• **TASK PROMPT**
Pictures do not belong in the copy. Return all of the entries exactly.
• • • •
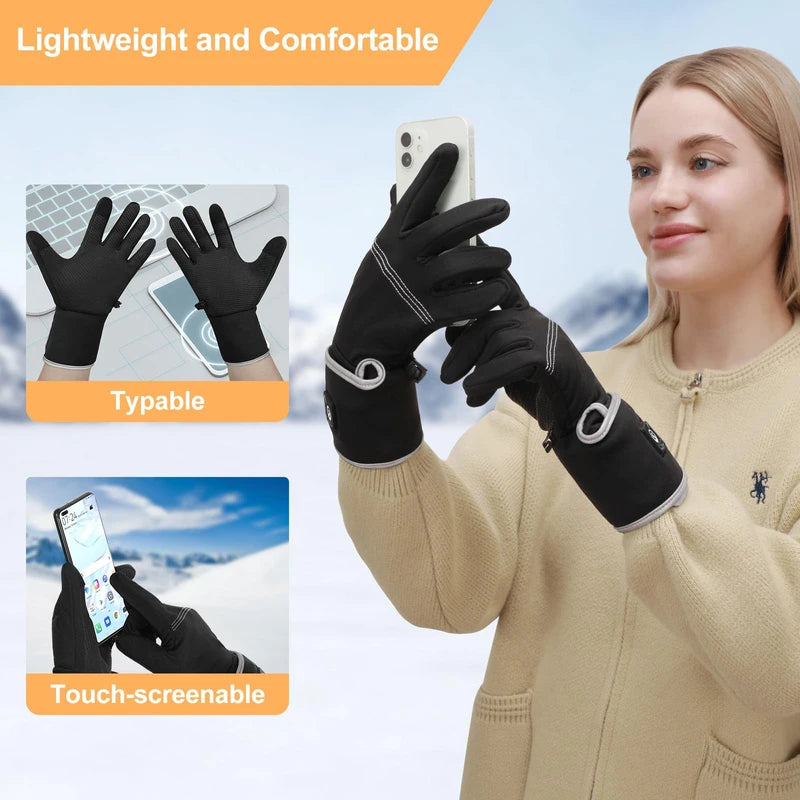 BARCHI Heated Gloves for Men and Women, Rechargeable Heated Gloves, Electric Hand Warmers, Suitable for Winter Riding, Cycling, Skiing, Running, Work, etc.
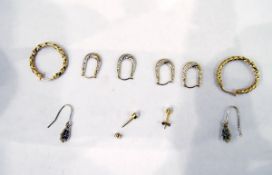 Pair of 9ct gold hoop earrings,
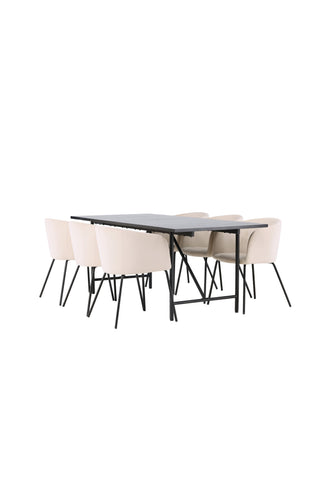 Venture Home Astrid Matbord 200*75 - Mattsvart / Mattsvart MDF med faner +Berit Stol - Svart / Beige Sammet _6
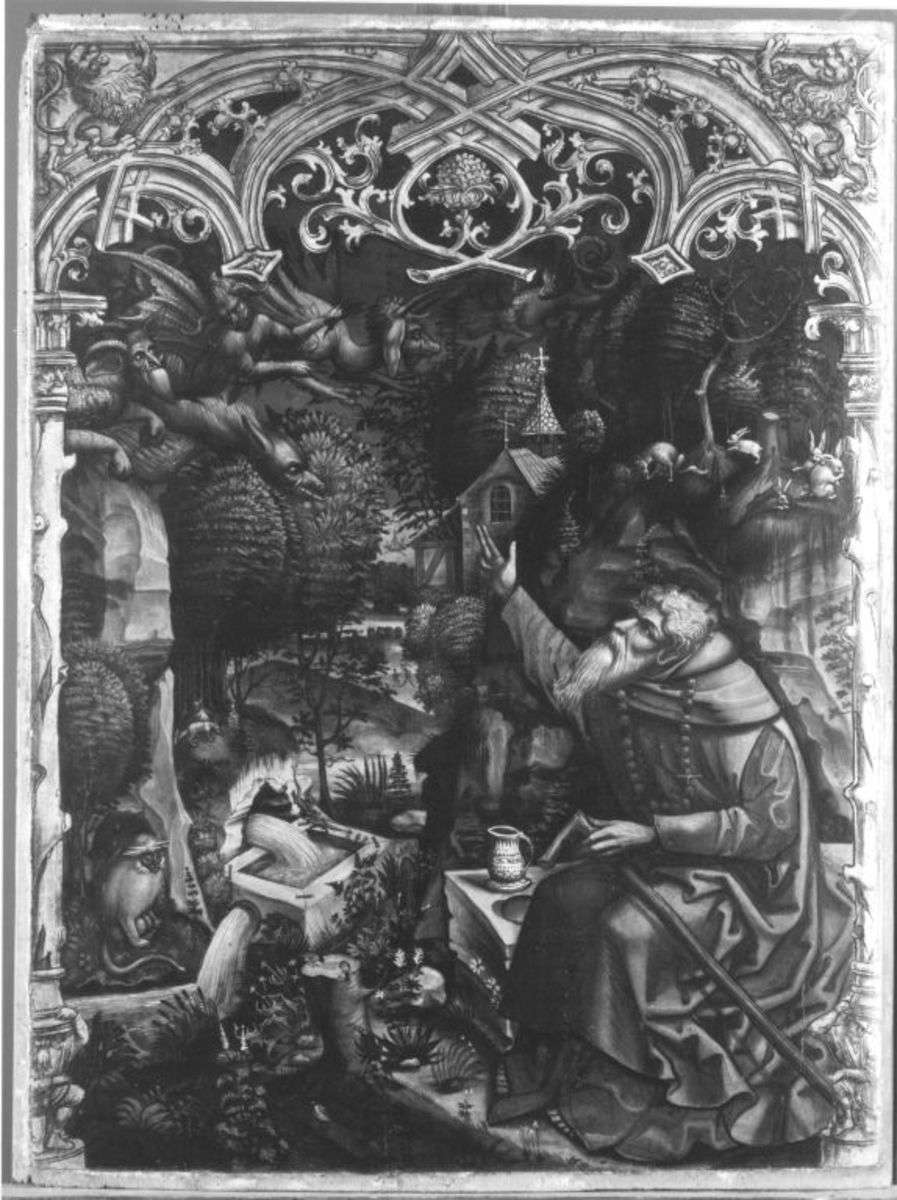 Teufel teilen einem Einsiedler mit, dass sie der Seele des Kaisers nicht habhaft werden konnten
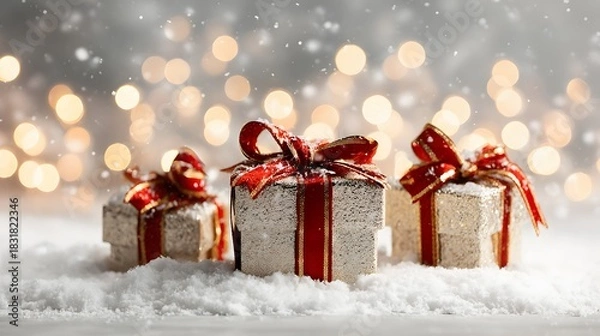 Fototapeta Christmas gift boxes with red and gold ribbons arranged on a soft snowy surface. Festive bokeh lights in the background enhance the premium holiday atmosphere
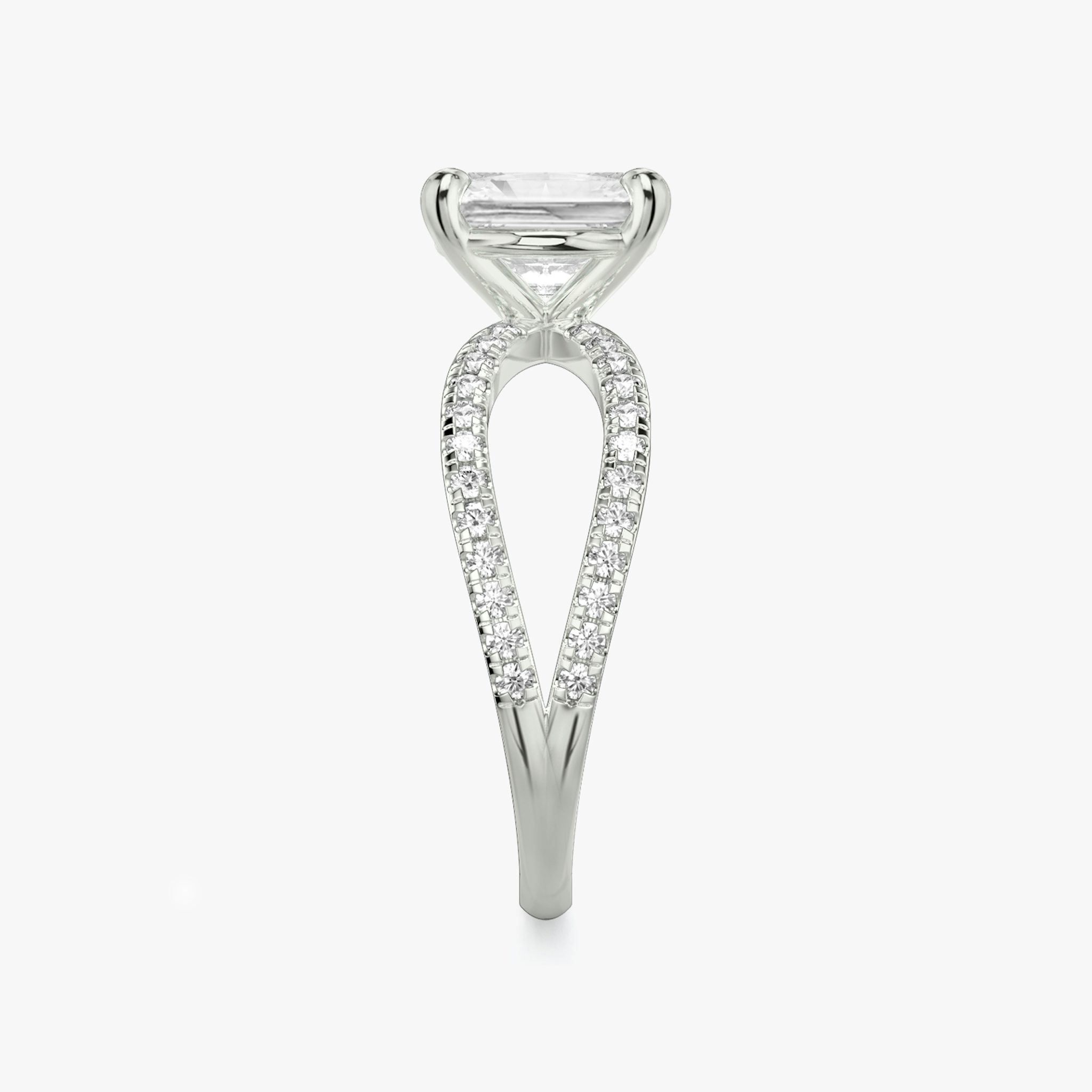 The Duet | Radiant | Platinum | bandAccent: Double pavé | diamondOrientation: vertical | caratWeight: other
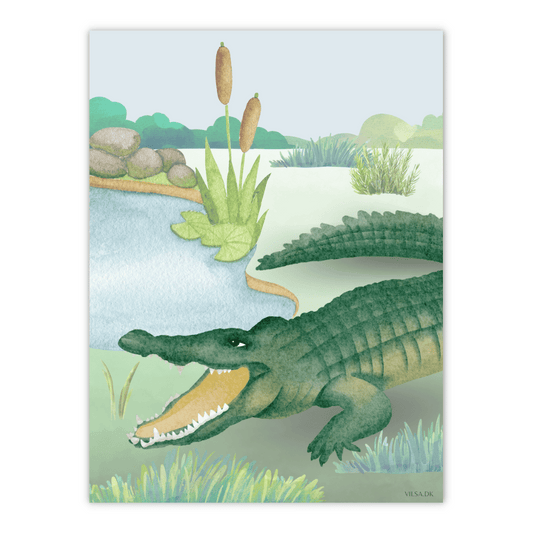 Farlig krokodille ved vandkanten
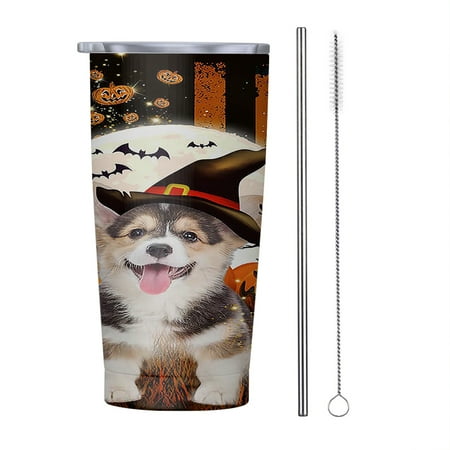 

Corgi Happy Halloween 20oz Tumbler Insulated Stainless Steel Water Bottle Portable Travel Coffee Tea Mug Cup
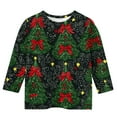 thumbnail image 3 of BFHHYA Kids' Boys Girls Christmas T-Shirt - Christmas Tree Printed 3/4-Sleeve Crew Neck Top for Daily Holiday Wear (3-12Y), 3 of 5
• • • •
• **TASK ANSWER**
 BARCHI Heated Gloves for Men and Women, Rechargeable Heated Gloves, Electric Hand Warmers, Suitable for Winter Riding, Cycling, Skiing, Running, Work, etc.
 Pair of 9ct gold hoop earrings,
 Venture Home Astrid Matbord 200*75 - Mattsvart / Mattsvart MDF med faner +Berit Stol - Svart / Beige Sammet _6
 Teufel teilen einem Einsiedler mit, dass sie der Seele des Kaisers nicht habhaft werden konnten
 Fototapeta Christmas gift boxes with red and gold ribbons arranged on a soft snowy surface. Festive bokeh lights in the background enhance the premium holiday atmosphere
 The Duet | Radiant | Platinum | bandAccent: Double pavé | diamondOrientation: vertical | caratWeight: other
 Farlig krokodille ved vandkanten

Corgi Happy Halloween 20oz Tumbler Insulated Stainless Steel Water Bottle Portable Travel Coffee Tea Mug Cup
 thumbnail image 3 of BFHHYA Kids' Boys Girls Christmas T-Shirt - Christmas Tree Printed 3/4-Sleeve Crew Neck Top for Daily Holiday Wear (3-12Y), 3 of 5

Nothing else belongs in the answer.